(Beginning of Records for the exercise)

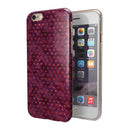 Tiny Wine Watercolor Hearts iPhone 6/6s or 6/6s Plus 2-Piece Hybrid INK-Fuzed Case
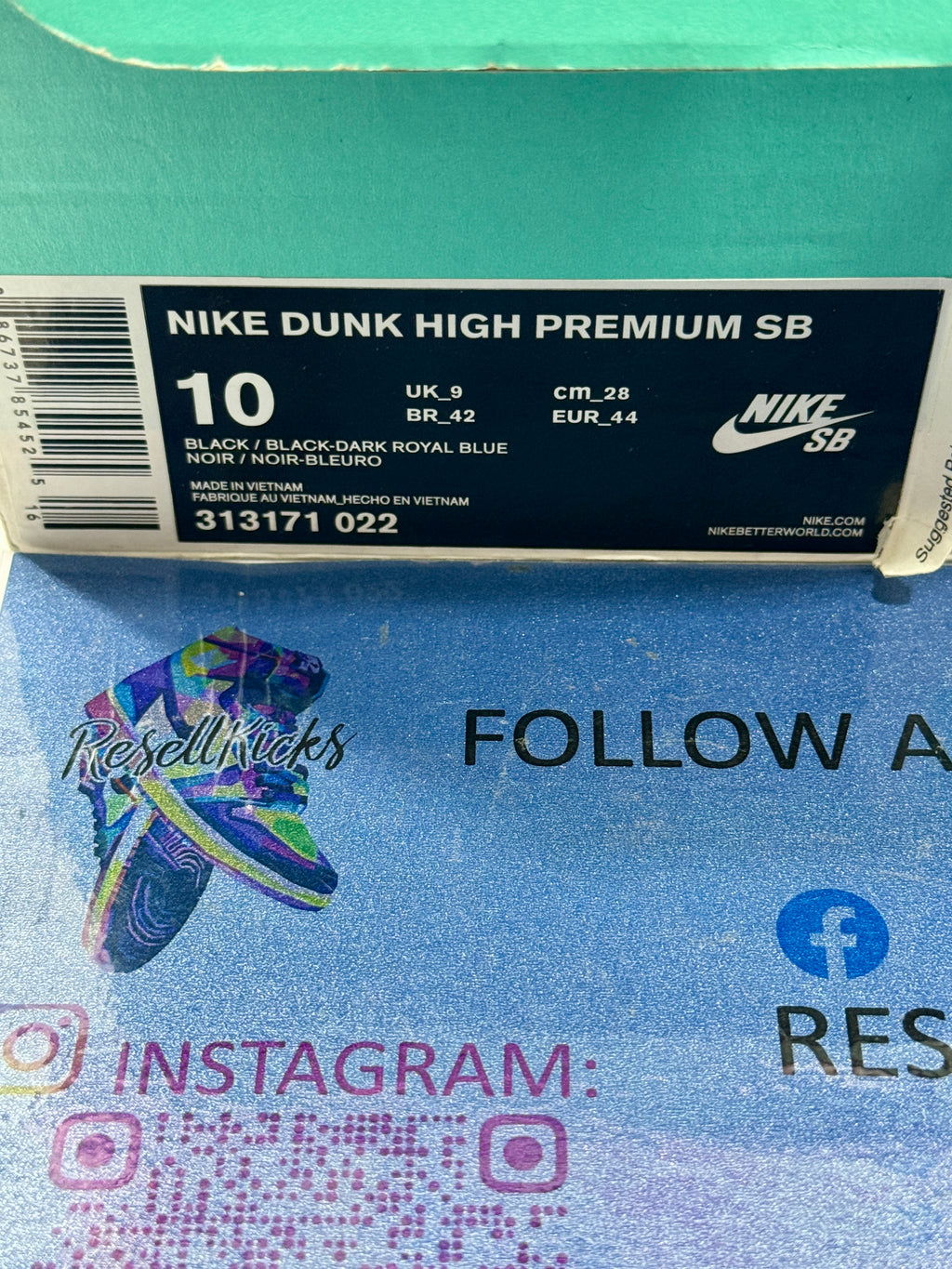 USED SIZE 10 MENS - NIKE DUNK HIGH PREMIUM SB HIGH "CAPTAIN AMERICA" 2014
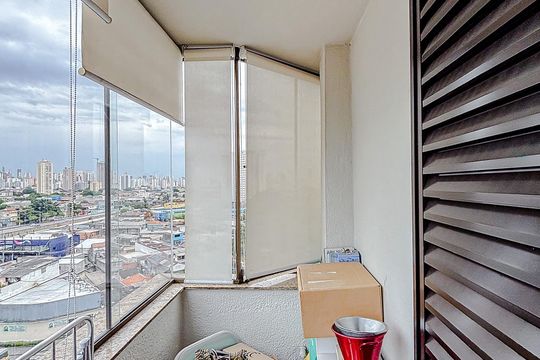 Varanda da Suíte de apartamento à venda com 3 quartos, 73m² em Vila Matilde, São Paulo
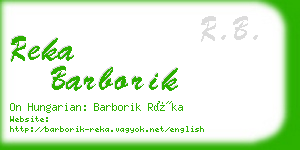 reka barborik business card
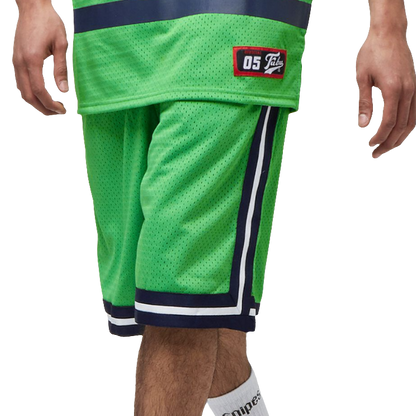 FUBU Corporate Mesh Shorts green/navy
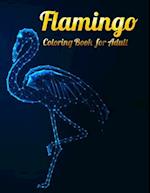 Flamingo Coloring Book for Adults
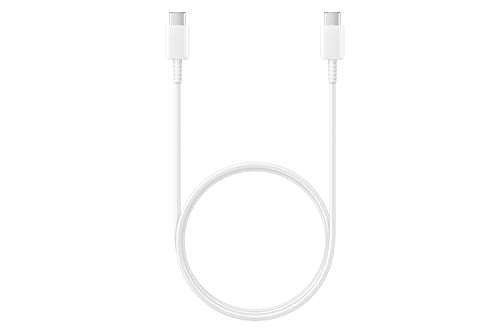 Samsung Galaxy Usb-C Cable (Usb-C To Usb-C) - White- Us Version With Warranty, Laptop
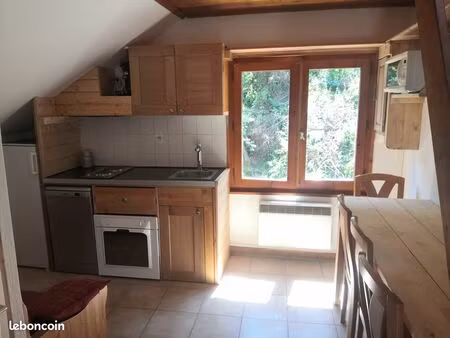 studio saint jeoire avec jardin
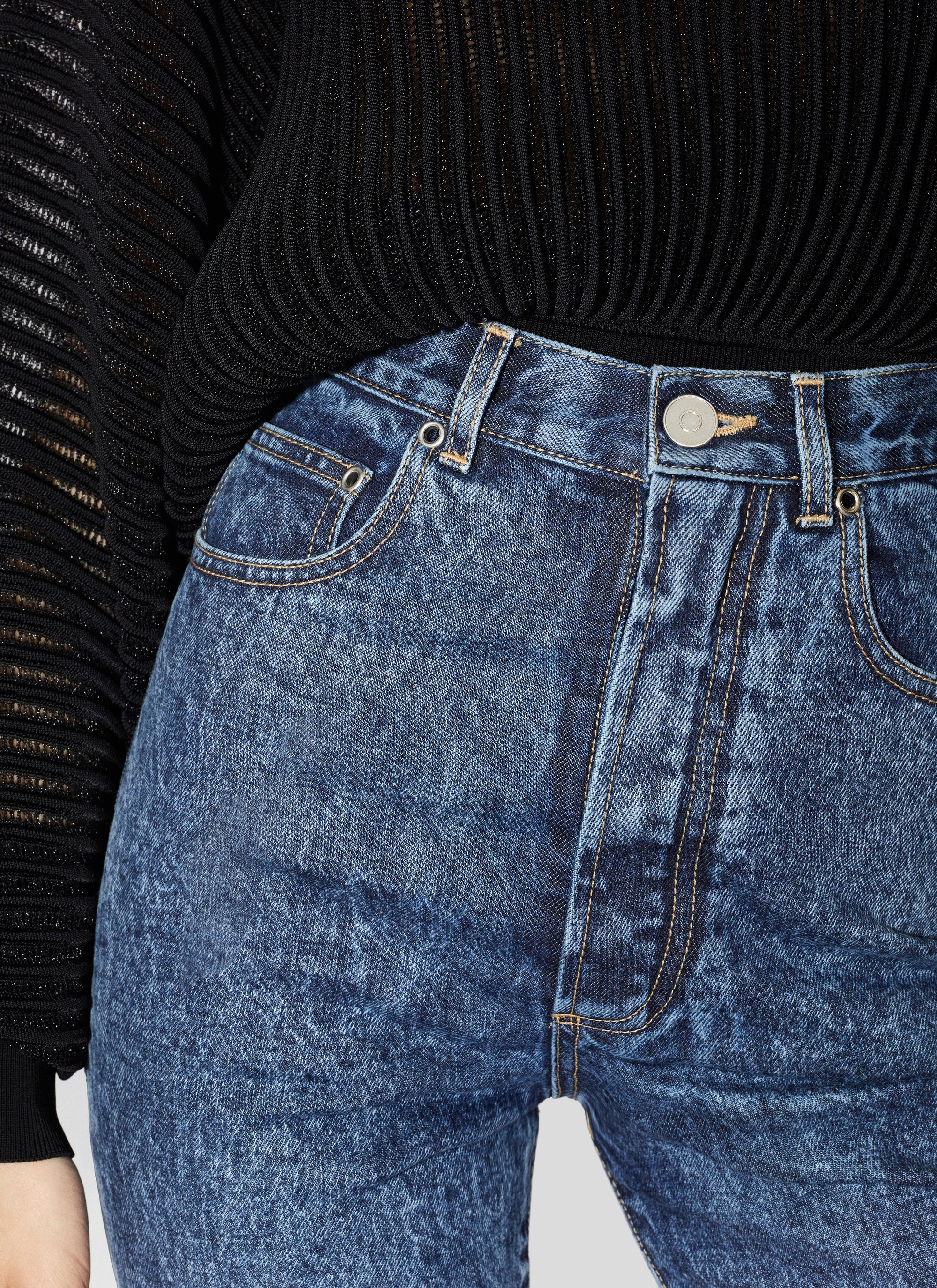 Pull en transparence en dentelle - Noir Alaïa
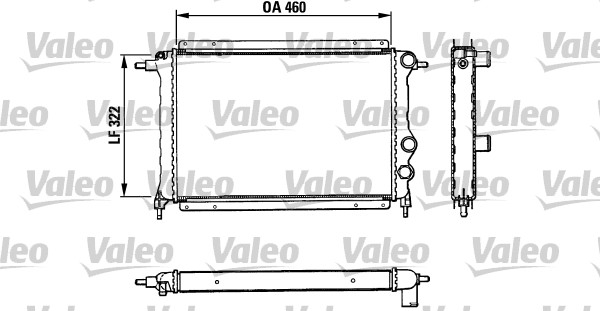 VALEO Vízhűtő TA354_VALEO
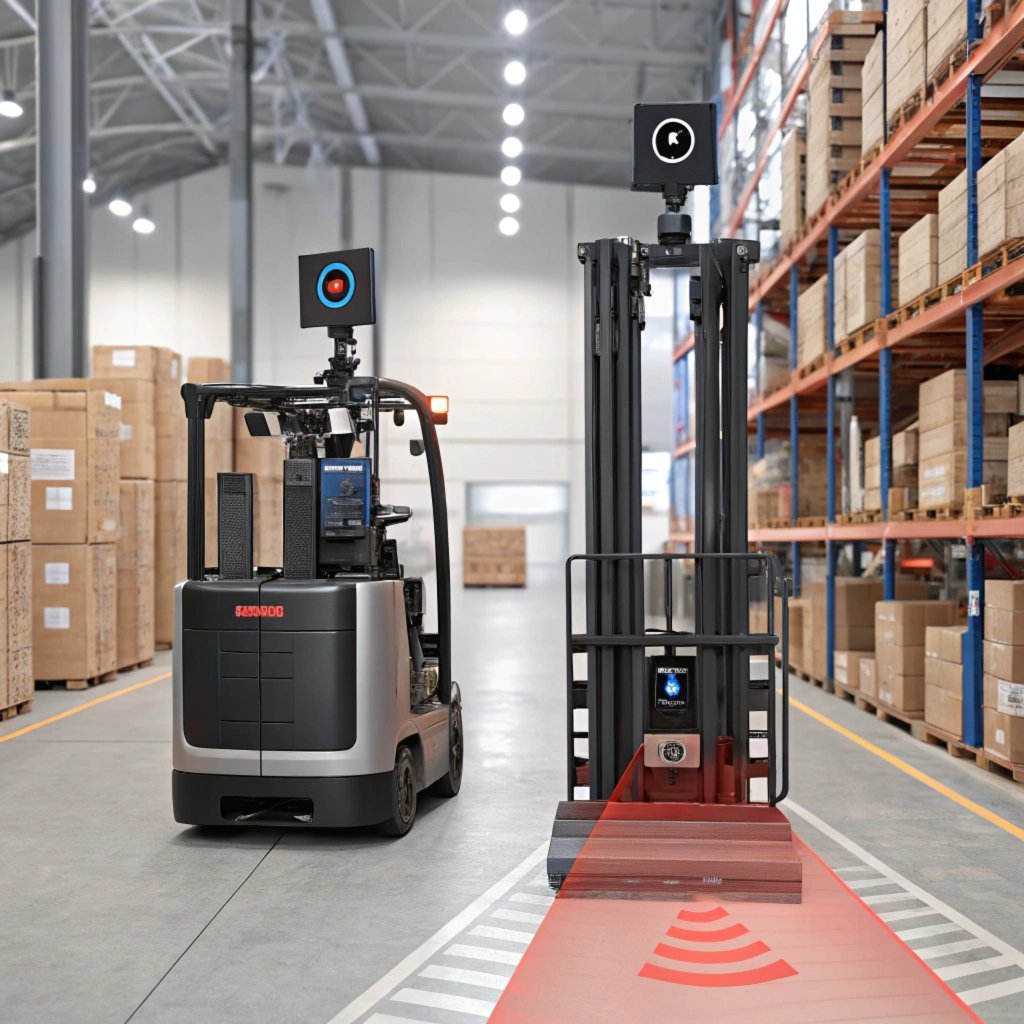 warehouse forklift camera system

(End of Records for the exercise)

**Brief:** Restate the entries above word for word, keeping pictures out of the copy.

**Task response:**
 Tiny Wine Watercolor Hearts iPhone 6/6s or 6/6s Plus 2-Piece Hybrid INK-Fuzed Case
 USED SIZE 10 MENS - NIKE DUNK HIGH PREMIUM SB HIGH "CAPTAIN AMERICA" 2014
 Varanda da Suíte de apartamento à venda com 3 quartos, 73m² em Vila Matilde, São Paulo
 reka barborik business card
 FUBU Corporate Mesh Shorts green/navy
 Flamingo Coloring Book for Adults
 Samsung Galaxy Usb-C Cable (Usb-C To Usb-C) - White- Us Version With Warranty, Laptop
 studio saint jeoire avec jardin
 Pull en transparence en dentelle - Noir Alaïa
 VALEO Vízhűtő TA354_VALEO
 warehouse forklift camera system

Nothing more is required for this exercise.